#### [Exercise details]
Transcribe the records in their entirety, exactly as given.

[Items from a data source]
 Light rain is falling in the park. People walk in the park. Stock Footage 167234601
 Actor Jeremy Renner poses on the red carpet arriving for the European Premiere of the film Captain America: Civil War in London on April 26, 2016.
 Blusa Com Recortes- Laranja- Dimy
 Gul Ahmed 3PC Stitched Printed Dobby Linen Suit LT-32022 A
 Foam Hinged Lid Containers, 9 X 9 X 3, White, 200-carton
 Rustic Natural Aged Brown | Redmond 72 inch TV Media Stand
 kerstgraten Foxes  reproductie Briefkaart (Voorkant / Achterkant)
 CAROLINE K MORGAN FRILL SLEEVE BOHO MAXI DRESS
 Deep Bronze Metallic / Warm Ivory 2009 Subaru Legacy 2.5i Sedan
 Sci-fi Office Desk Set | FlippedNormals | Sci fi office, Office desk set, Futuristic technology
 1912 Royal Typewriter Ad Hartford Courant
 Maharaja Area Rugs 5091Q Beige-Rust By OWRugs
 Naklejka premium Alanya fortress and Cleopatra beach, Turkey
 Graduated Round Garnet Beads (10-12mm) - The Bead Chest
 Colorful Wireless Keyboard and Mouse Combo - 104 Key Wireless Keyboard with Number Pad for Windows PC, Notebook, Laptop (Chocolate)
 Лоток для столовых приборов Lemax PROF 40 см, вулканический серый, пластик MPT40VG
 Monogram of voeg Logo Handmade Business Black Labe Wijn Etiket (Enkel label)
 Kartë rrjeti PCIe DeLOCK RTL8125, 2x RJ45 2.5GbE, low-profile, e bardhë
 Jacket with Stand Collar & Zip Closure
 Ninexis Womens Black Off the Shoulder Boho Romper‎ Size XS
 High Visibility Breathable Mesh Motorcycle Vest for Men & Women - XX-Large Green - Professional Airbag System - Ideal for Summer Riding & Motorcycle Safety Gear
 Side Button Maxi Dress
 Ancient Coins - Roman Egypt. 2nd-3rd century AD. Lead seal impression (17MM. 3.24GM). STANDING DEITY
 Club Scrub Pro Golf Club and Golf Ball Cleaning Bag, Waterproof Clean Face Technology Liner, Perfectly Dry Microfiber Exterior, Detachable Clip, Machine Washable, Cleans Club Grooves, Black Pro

#### [Result for this exercise]
 Light rain is falling in the park. People walk in the park. Stock Footage 167234601
 Actor Jeremy Renner poses on the red carpet arriving for the European Premiere of the film Captain America: Civil War in London on April 26, 2016.
 Blusa Com Recortes- Laranja- Dimy
 Gul Ahmed 3PC Stitched Printed Dobby Linen Suit LT-32022 A
 Foam Hinged Lid Containers, 9 X 9 X 3, White, 200-carton
 Rustic Natural Aged Brown | Redmond 72 inch TV Media Stand
 kerstgraten Foxes  reproductie Briefkaart (Voorkant / Achterkant)
 CAROLINE K MORGAN FRILL SLEEVE BOHO MAXI DRESS
 Deep Bronze Metallic / Warm Ivory 2009 Subaru Legacy 2.5i Sedan
 Sci-fi Office Desk Set | FlippedNormals | Sci fi office, Office desk set, Futuristic technology
 1912 Royal Typewriter Ad Hartford Courant
 Maharaja Area Rugs 5091Q Beige-Rust By OWRugs
 Naklejka premium Alanya fortress and Cleopatra beach, Turkey
 Graduated Round Garnet Beads (10-12mm) - The Bead Chest
 Colorful Wireless Keyboard and Mouse Combo - 104 Key Wireless Keyboard with Number Pad for Windows PC, Notebook, Laptop (Chocolate)
 Лоток для столовых приборов Lemax PROF 40 см, вулканический серый, пластик MPT40VG
 Monogram of voeg Logo Handmade Business Black Labe Wijn Etiket (Enkel label)
 Kartë rrjeti PCIe DeLOCK RTL8125, 2x RJ45 2.5GbE, low-profile, e bardhë
 Jacket with Stand Collar & Zip Closure
 Ninexis Womens Black Off the Shoulder Boho Romper‎ Size XS
 High Visibility Breathable Mesh Motorcycle Vest for Men & Women - XX-Large Green - Professional Airbag System - Ideal for Summer Riding & Motorcycle Safety Gear
 Side Button Maxi Dress
 Ancient Coins - Roman Egypt. 2nd-3rd century AD. Lead seal impression (17MM. 3.24GM). STANDING DEITY
 Club Scrub Pro Golf Club and Golf Ball Cleaning Bag, Waterproof Clean Face Technology Liner, Perfectly Dry Microfiber Exterior, Detachable Clip, Machine Washable, Cleans Club Grooves, Black Pro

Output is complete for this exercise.